Commentary

Quantified Selves Can Be Real A**holes

“I have to get in my steps,” my wife explains as she jogs in place beside my armchair at 11:30 p.m.

Sad to say this has become a familiar ritual in our lives. As is parking our car in an outermost slot at malls and grocery stores. Because ”every step counts,” my wife tells me. In fact, we have come to call this sparse collection of cars at the edges of parking lots the “fitbit club” of fellow quantified selves who are counting steps and pressing themselves to up the daily count at every opportunity.

If she forgets to recharge her fitbit and it peters out during the day, she is crestfallen and enraged, both at the device and at me. As longtime readers of these pages already know, in my family I am held personally accountable for all digital malfunctions everywhere. If software crashes, an error message pops or a device freezes, it is presumed I had a hand in it somewhere.  

My wife is a step counter, while I am more of a calorie Nazi and heartrate watcher. My Apple Watch goes on first thing so that every waking moment of resting and active calorie burn is guesstimated by the device. I yell at it for undercounting my burn rate during heavy aerobics and openly resent its stupidly nudging me to stand every hour when I am already at a standing desk.

Jerk!

No, really -- there seem to be four people in this marriage now, and two of them are a**holes. The quantified self is a nudge, a pest.

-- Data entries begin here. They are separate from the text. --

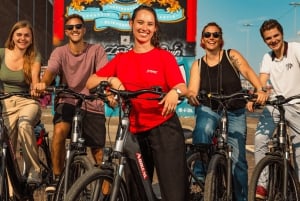 Amesterdão: Passeio turístico em E-Bike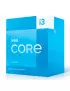 Processeur Intel Core i3 13100F 3.4/4.5Ghz 12Mo 4Core LGA1700 60W Intel - 2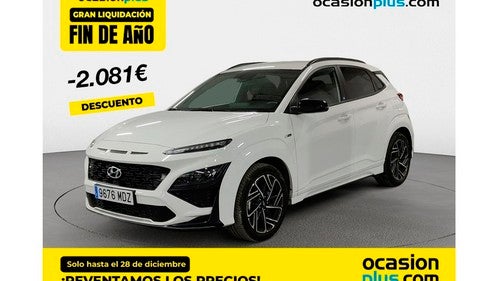 HYUNDAI Kona 1.0 TGDI Nline 30 Aniversario 4x2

It drags me out for late-night walks in a dicey city neighborhood. It sends me cloying “good job” prompts and “goal achieved” congrats when I stand for more than a couple of minutes. And I am sure that these notes are laden with smirks and insincerity.  

But more than that, the quantified self is a sworn enemy of delusion.

The QS -- can I call it “QS”? I feel we are on intimate terms -- is forever deflating my padded estimates of how active I really am being and how hard I just worked out. In the beginning this seems to have a lot of upside. It egged us on. My wife started measuring her run lengths and times, which she never did with any precision before, and this compelled her to join marathons. The revelation of my lack of workout intensity pressed me to increase the levels on my step machine.

But at this point, QS is a persistent reminder that I am overestimating myself, fantasizing my levels of fitness. It is making self-delusion a bit more difficult.

And if you extrapolate a bit from the limited data set QS now gathers around rudimentary physical activity, you can see how this can become a problem. What happens when we have ingestion sensors that accurately gauge caloric input? Now that will be a wakeup call for America. Our culture of obesity is likely based on an uncanny ability to round down from the calorie counts and servings sizes listed on packages -- convincing ourselves that we are gaining weight for no discernible reason.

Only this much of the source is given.